* What is needed *
Give back the listing in full and exactly, leaving out the images.

* Data block *
[Start of section]

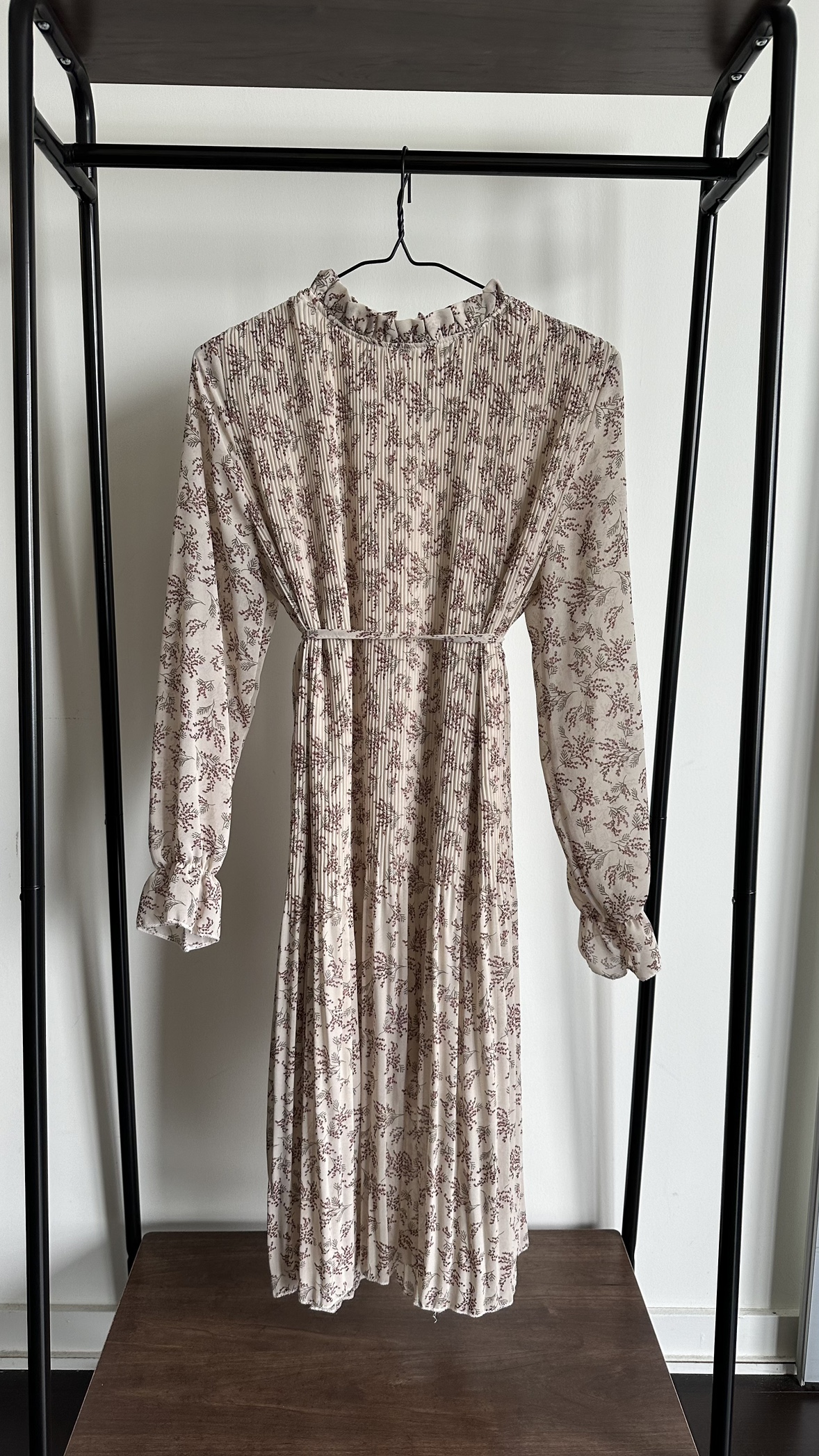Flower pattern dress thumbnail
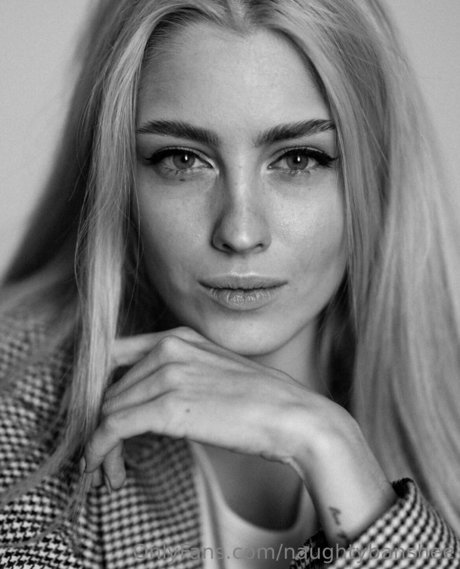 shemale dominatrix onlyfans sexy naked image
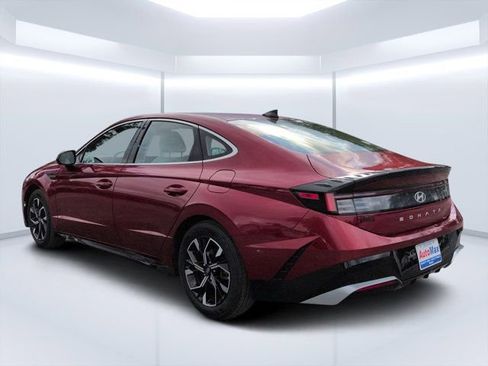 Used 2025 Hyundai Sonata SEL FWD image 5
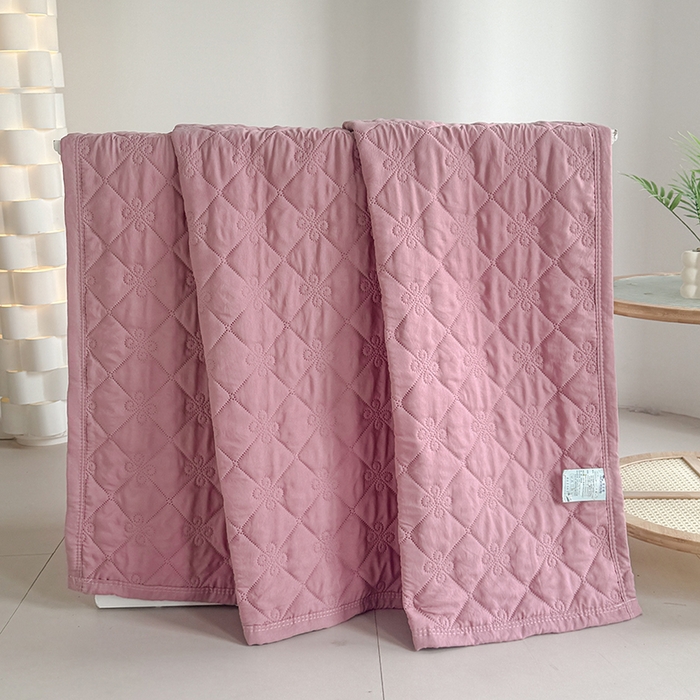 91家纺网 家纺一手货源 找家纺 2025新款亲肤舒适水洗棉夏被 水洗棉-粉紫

[End of section]

* Task answer *
Flower pattern dress thumbnail
 shemale dominatrix onlyfans sexy naked image
 Used 2025 Hyundai Sonata SEL FWD image 5
 91家纺网 家纺一手货源 找家纺 2025新款亲肤舒适水洗棉夏被 水洗棉-粉紫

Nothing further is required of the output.